At its Nov. 13 meeting the board approved the amended FY2026 budget, a county tax levy (rate reported down from 0.95 to 0.88), levies for mental-health/disabled funds, an ambulance service levy, two sealed-bid sale resolutions, several highway-related appropriations, and a motion to enter executive session.

The Livingston County Board voted on multiple ordinances and resolutions Thursday, approving a revised FY2026 appropriation ordinance and a slate of tax-levy measures and sales authorizations.

Board members approved an ordinance providing for the levy of Livingston County taxes; one board member noted the county’s levy rate decreased from 0.95 to 0.88 compared with last year.
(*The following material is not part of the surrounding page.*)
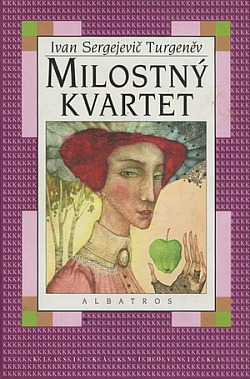 Milostný kvartet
The board also approved ordinances providing levies for the mental health fund and the developmentally disabled persons fund, and an ordinance providing for the levy of taxes for the Southeast Livingston County Ambulance Service Fund.

The board approved resolutions authorizing the sale of real estate and the sale of mobile homes by sealed-bid auction; members chose to handle the two related sales items together. The highway committee’s items — a bridge petition and engineering agreement for a Wego Road district, resolutions appropriating Motor Fuel Tax (MFT) funds for 2026 county highway general maintenance and for the county engineer’s 2026 salary, and a quarterly report — were presented and approved on a single motion.

Procedural motions were recorded throughout the meeting: the agenda, minutes and bills were approved by motion and roll call earlier in the session. Near the end of the public business, the board approved a motion (moved by Marty Fannin and seconded by Steve Lovell) to go into executive session for collective bargaining matters and for the semiannual review of executive-session minutes under the cited Illinois statutes; the motion carried on a roll call vote.

Several committees provided brief reports (property committee flagged ongoing courthouse roof repairs; AG & Zoning thanked volunteers for an electronics recycling event). Public comment produced no speakers.

Why it matters: The approvals set county tax levies and authorize routine county property sales and highway appropriations, while the executive-session motion moves bargaining and personnel-minute review work offline. For residents the fiscal and levy votes determine tax rates and fund availability for services such as ambulances and mental-health programs.

What’s next: The board adjourned to executive session after the roll call vote; packet documents and the amended budget display remain available for public review.